On Blender, we have a lot of choise, but none as good and complete as guerilla.
You can do everything you want and his rendergraph is really powerfull.

It’s for big productions, so for blender addicts it may not be interessting, but for littles, mid and big companies, it’s really interresting !

We really need alembic to work with Guerilla, I hope it’s comming as soon as possible !

I am trying to play with it a little bit, looks interesting but still I did not get a full grasp of the interface. Also looks like there is not much documentation so far. It is a pity the podcast is in French… mine is not so good to be able to follow, but looks like there is a lot to pick.

I go on playing :slight_smile:

Hi pitiwazou, since you seem to have a familiarity with the interface, can you point us to any tutorials or instructive resources about how to use it better?

it comes with the documentation,
if you drag and drop an obj from blender, into the gorilla viewport it will be really tiny in the viewport…
probably need to export at 100X or something. :confused:

Ok, it seems I need to go and defend my new predilection renderer. :slight_smile:

Guerilla is the kind of renderer born with sweat of productions. It actually exists since many years (five if I remember well) but has only go public this month.

How could we summary what Guerilla is? Mmmh…

For me, it’s a “turnkey Katana + Arnold combo”.

For those who don’t know Katana, it’s a non destructive lighting workflow (IMHO, non destructive workflow is the futur of lighting but that’s another debate).

From the rendering side, it’s a production CPU path tracer.

So, why Guerilla rocks (yeah, I can’t be more objective…).

I had the oportunity to work on the integration of Katana for a studio. I was very happy because Katana has a very good architecture and provide a way to do what I actually spend month to integrate in a single software.

This is the market part as after few month I must admit it’s a nighmare. Katana is a “core” something almost empty and you need a lot of developpers to make something interesting with it. I was a little disapointed as the promise was good.

Then I discovered Guerilla. The lighting supervisor here at Digital District make me huge training on it and I’ve also been able to discuss with devs about how it work under the hood and… Yeah… It’s how lighting should be in 2013:

You get a scene structure as an enter of your graph and you apply modification with nodes without change anything in the “input”.

So you can light recurscively. like:

  • Every object has standard shader.
  • Every object with “wood” tag have my wood parameters.
  • Every shaders with “metal” tag have my metal parameters.
  • Then you set “diffuse” parameter of the shader will have this map, “reflection” will have this map (or value).
  • etc…
  • And after you start to tweak, group by group, object by object to have the look you want.

You want to modify every metalic parts of your scene? No problem, just go up in you graph and modify.
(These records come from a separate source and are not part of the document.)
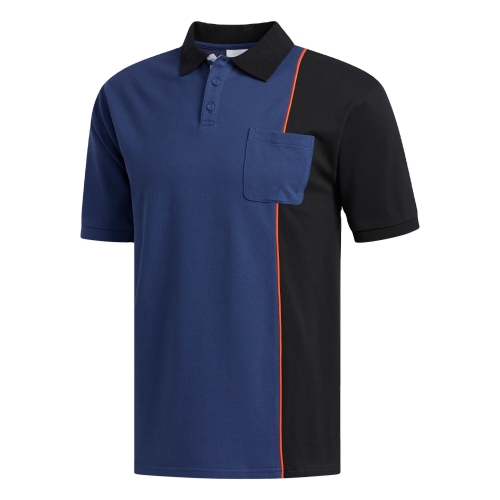 wholesale quick-drying outdoor leisure men's polo homm golf polo tshirt golf clothing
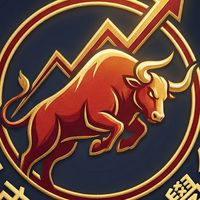 股市爆料同學會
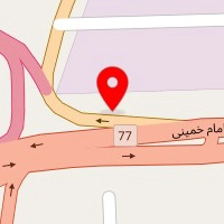 فروشگاه لوازم یدکی خودرو لواسانی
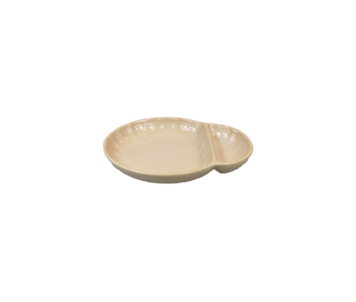 AZEITONEIRA SALM 18x15 171 314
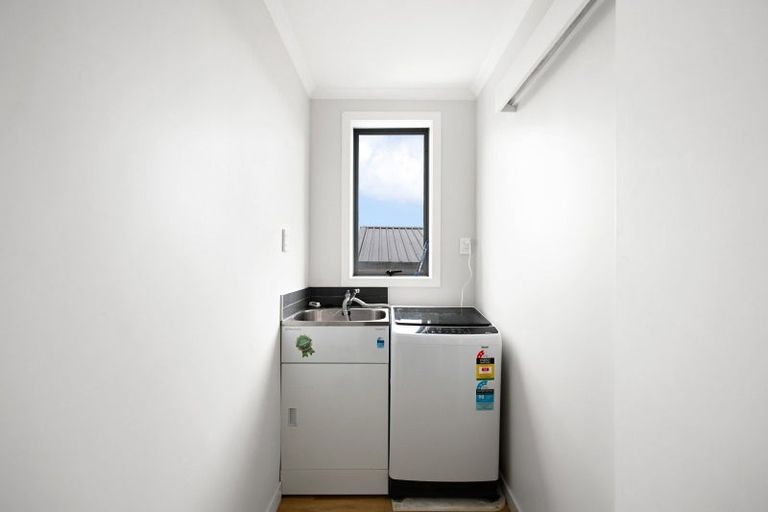 Photo of property in 3 Aberdeen Drive, Dinsdale, Hamilton, 3204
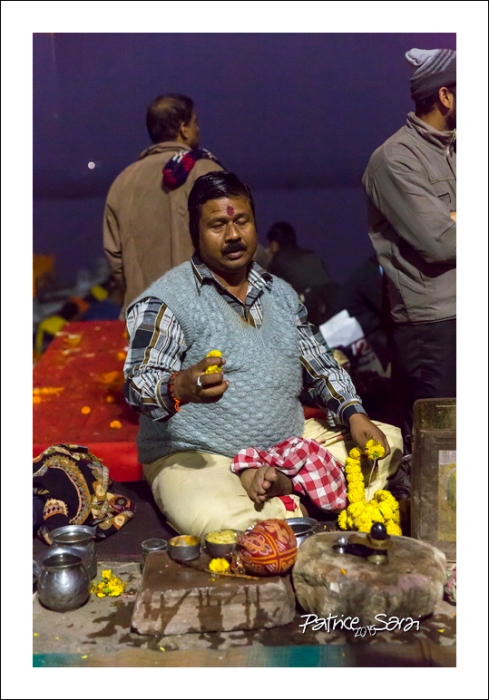 20151200-Inde-selection151-r-bs
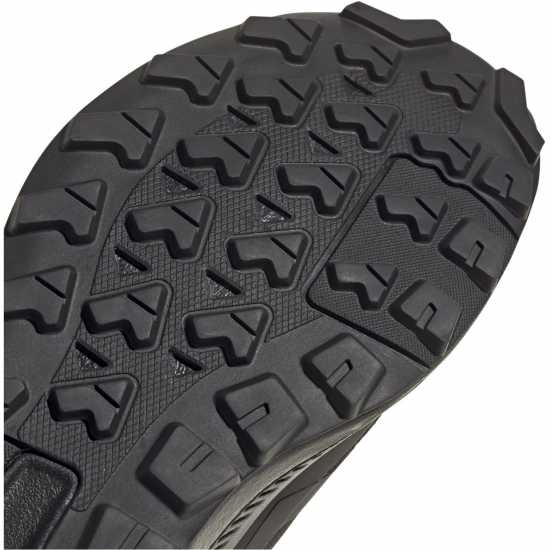 Adidas Terrex Anylander Rain.rdy Hiking Shoes Womens Черно Adidas Terrex Anylander Rain.rdy Hiking Shoes Womens Черно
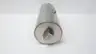 HAWKEYE FLTG-0100 STAINLESS STEEL FLOAT 6IN OD 17IN L thumbnail 2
You can duplicate your node to avoid break something.

I’ve seen this workflow in many “middle to big” studios but it was always in-house software and Katana is expensive and unuseable without a lot of dev.

Guerilla is the only one to provide this workflow without need any line of script.

If you have often to deal with huge assets with a lot of objects, you should defenetly have a look to guerilla.

If you are interested about what I’was talking about (about non destructive workflows) I write a mail on the Appleseed (a very good open source renderer) mailing list to discuss about “what I consider to be a modern lighting workflow”: https://groups.google.com/forum/#!searchin/appleseed-dev/Few$20Feedbacks/appleseed-dev/bENTdNVosD0/dhw5JATX9qEJ

:slight_smile:

PS: I’m not an active BlenderArtist member, I know it can be strange to have peoples just booming about a subject. I’m actually very humble and hope my comment will be informative because Guerilla is not what we could call “an usual renderer”.

PS2: I need to find time to purpose videos to explain how to “efficiently” use this renderer (actually, if you only use rendergraph, you use it efficiently).

Guerilla Renderer is absolut Amazing and the User Interface is really Cool!!!(I agree with Pitiwazou.)
I hope for Alembic support in Blender soon! or a Add On for Blender-Exporter!
Fascinating how fast you can work with this renderer and the speed is realy fast and productive!
When someone opens Blender 3D for the first time he lost and after 30 minutes he closed the programm or Uninstall it the same hapens in Guerilla!
You have to learn -documentations-video tutorials…etc step by step and Read in ths Forums…
So i learn something :when i open a Programm and i canot use it…this means this programm is really COOL and POWERFULL!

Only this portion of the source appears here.